Reprint the full listing exactly.

(Provided entries Opens)

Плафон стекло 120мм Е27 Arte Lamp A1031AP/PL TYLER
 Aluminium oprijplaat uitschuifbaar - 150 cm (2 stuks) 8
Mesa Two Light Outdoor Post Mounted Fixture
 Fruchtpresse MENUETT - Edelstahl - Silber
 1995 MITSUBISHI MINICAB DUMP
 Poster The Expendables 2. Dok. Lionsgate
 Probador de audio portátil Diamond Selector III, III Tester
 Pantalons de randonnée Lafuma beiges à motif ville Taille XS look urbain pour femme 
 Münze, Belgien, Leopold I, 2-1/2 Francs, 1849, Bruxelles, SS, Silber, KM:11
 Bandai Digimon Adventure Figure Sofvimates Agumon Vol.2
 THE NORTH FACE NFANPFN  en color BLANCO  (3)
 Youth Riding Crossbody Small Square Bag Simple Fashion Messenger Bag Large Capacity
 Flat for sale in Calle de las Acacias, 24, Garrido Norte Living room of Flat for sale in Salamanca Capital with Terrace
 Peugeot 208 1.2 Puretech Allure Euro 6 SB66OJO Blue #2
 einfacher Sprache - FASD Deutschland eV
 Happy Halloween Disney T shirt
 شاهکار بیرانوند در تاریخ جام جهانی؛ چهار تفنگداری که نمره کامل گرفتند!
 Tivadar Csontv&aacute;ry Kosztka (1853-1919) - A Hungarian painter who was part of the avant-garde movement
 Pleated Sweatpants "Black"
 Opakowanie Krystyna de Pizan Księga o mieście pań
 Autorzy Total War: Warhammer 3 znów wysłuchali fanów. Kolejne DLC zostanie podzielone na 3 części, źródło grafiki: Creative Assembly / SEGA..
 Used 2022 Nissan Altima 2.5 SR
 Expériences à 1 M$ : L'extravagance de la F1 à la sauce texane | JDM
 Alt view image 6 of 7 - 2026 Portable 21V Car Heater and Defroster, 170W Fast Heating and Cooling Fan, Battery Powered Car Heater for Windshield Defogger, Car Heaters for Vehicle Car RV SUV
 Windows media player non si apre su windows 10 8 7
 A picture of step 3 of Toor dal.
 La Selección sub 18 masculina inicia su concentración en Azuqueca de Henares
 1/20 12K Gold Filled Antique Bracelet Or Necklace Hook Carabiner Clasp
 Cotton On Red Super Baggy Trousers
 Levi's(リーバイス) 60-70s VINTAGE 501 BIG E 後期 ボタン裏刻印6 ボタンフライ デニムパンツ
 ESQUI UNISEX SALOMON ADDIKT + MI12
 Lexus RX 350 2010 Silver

(Provided entries Closes)

-- Answer box --
Плафон стекло 120мм Е27 Arte Lamp A1031AP/PL TYLER
 Aluminium oprijplaat uitschuifbaar - 150 cm (2 stuks) 8
Mesa Two Light Outdoor Post Mounted Fixture
 Fruchtpresse MENUETT - Edelstahl - Silber
 1995 MITSUBISHI MINICAB DUMP
 Poster The Expendables 2. Dok. Lionsgate
 Probador de audio portátil Diamond Selector III, III Tester
 Pantalons de randonnée Lafuma beiges à motif ville Taille XS look urbain pour femme 
 Münze, Belgien, Leopold I, 2-1/2 Francs, 1849, Bruxelles, SS, Silber, KM:11
 Bandai Digimon Adventure Figure Sofvimates Agumon Vol.2
 THE NORTH FACE NFANPFN  en color BLANCO  (3)
 Youth Riding Crossbody Small Square Bag Simple Fashion Messenger Bag Large Capacity
 Flat for sale in Calle de las Acacias, 24, Garrido Norte Living room of Flat for sale in Salamanca Capital with Terrace
 Peugeot 208 1.2 Puretech Allure Euro 6 SB66OJO Blue #2
 einfacher Sprache - FASD Deutschland eV
 Happy Halloween Disney T shirt
 شاهکار بیرانوند در تاریخ جام جهانی؛ چهار تفنگداری که نمره کامل گرفتند!
 Tivadar Csontv&aacute;ry Kosztka (1853-1919) - A Hungarian painter who was part of the avant-garde movement
 Pleated Sweatpants "Black"
 Opakowanie Krystyna de Pizan Księga o mieście pań
 Autorzy Total War: Warhammer 3 znów wysłuchali fanów. Kolejne DLC zostanie podzielone na 3 części, źródło grafiki: Creative Assembly / SEGA..
 Used 2022 Nissan Altima 2.5 SR
 Expériences à 1 M$ : L'extravagance de la F1 à la sauce texane | JDM
 Alt view image 6 of 7 - 2026 Portable 21V Car Heater and Defroster, 170W Fast Heating and Cooling Fan, Battery Powered Car Heater for Windshield Defogger, Car Heaters for Vehicle Car RV SUV
 Windows media player non si apre su windows 10 8 7
 A picture of step 3 of Toor dal.
 La Selección sub 18 masculina inicia su concentración en Azuqueca de Henares
 1/20 12K Gold Filled Antique Bracelet Or Necklace Hook Carabiner Clasp
 Cotton On Red Super Baggy Trousers
 Levi's(リーバイス) 60-70s VINTAGE 501 BIG E 後期 ボタン裏刻印6 ボタンフライ デニムパンツ
 ESQUI UNISEX SALOMON ADDIKT + MI12
 Lexus RX 350 2010 Silver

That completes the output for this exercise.